Зверев только сейчас понял, что совершенно забыл про работу. Однако Саше он сказал другое:
– Прости, есть немного.
– Может, тогда ты что-нибудь расскажешь?
Рассказывать про события последних дней, связанные с ликвидацией банды Лощеного, Звереву не особо хотелось, поэтому он предложил:
– А знаешь… расскажи мне о своих родителях. Ты ведь никогда мне о них не рассказывала.
Саша рассмеялась:
– Мой отец был суровым человеком. С детских лет он считался лидером в любом коллективе, куда бы ни попал! В школе он был председателем пионерского отряда, в институте – комсоргом, а когда пошел работать на завод, его выбрали парторгом цеха. Наверное, поэтому отец мечтал о сыне. Он просто грезил, как вырастит себе достойную смену. А когда родилась девчонка, был не на шутку разочарован. Может, именно поэтому он и назвал меня Александрой. Александр – это «защитник». Александр – имя настоящих героев: Александр Македонский, Александр Невский, Александр Суворов! Отец редко называл меня Сашей, я для него была исключительно Алексом, только порой, в порыве нежности, он звал меня Шуриком или просто Санькой… Все эти имена подходили исключительно мальчишкам.
Зверев едва не подавился:
– Подожди! Алекс, Шурик и Санька – это ведь и девчачьи имена!
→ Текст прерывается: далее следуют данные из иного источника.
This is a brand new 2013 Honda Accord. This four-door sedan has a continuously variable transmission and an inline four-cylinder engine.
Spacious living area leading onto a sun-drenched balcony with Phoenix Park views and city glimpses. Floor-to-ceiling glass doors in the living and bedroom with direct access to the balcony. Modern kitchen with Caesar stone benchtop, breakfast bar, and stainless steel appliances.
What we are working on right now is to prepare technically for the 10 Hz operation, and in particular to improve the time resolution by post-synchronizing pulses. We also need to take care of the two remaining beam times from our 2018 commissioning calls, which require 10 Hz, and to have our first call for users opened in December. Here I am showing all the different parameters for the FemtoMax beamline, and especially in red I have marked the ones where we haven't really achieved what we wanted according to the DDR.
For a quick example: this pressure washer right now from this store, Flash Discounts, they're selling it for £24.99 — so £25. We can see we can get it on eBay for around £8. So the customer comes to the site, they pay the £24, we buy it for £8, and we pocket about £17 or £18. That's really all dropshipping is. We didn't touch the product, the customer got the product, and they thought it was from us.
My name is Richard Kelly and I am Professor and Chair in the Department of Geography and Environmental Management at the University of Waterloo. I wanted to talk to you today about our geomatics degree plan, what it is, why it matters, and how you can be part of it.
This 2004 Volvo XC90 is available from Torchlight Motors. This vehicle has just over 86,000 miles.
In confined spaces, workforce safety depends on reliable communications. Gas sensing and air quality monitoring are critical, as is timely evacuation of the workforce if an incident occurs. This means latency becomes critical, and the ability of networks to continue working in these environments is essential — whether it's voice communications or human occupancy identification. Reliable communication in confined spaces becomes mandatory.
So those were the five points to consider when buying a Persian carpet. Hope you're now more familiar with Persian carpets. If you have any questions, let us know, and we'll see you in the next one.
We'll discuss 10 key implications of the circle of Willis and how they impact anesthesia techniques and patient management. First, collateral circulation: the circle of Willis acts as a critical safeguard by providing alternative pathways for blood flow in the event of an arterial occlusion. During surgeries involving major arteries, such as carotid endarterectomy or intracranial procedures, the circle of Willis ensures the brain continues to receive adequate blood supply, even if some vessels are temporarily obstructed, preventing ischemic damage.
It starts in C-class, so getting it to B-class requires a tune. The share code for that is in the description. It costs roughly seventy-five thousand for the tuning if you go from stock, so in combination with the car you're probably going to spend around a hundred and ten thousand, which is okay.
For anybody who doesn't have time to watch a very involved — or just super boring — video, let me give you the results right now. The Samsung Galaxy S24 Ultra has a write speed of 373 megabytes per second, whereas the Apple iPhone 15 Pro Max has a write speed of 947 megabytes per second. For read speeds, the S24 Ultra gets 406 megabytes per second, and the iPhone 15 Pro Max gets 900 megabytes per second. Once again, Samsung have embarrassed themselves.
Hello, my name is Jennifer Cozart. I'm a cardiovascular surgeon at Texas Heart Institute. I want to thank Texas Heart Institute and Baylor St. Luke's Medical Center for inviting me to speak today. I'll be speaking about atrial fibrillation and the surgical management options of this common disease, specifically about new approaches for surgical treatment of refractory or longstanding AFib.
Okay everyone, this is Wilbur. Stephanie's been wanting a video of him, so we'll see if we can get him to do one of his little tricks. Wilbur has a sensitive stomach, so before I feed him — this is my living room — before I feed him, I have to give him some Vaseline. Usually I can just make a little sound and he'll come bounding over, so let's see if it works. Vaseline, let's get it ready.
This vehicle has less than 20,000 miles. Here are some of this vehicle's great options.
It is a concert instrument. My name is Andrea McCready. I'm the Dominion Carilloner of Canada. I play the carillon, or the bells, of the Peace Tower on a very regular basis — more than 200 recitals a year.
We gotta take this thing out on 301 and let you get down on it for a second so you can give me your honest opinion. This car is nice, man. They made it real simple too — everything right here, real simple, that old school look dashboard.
– Можно подумать, ты этого не знал.
– Знал… еще как знал! Прости, мне срочно нужно позвонить.
Он подошел к буфетной стойке и спросил телефон. Администратор вытащила из-за прилавка аппарат. Зверев набрал номер отдела, но трубку никто не взял. Он вернулся за столик.
Саша выглядела взволнованной:
– Что-то случилось?
– Прости! Мне срочно нужно уйти, но мы обязательно еще встретимся на этой неделе.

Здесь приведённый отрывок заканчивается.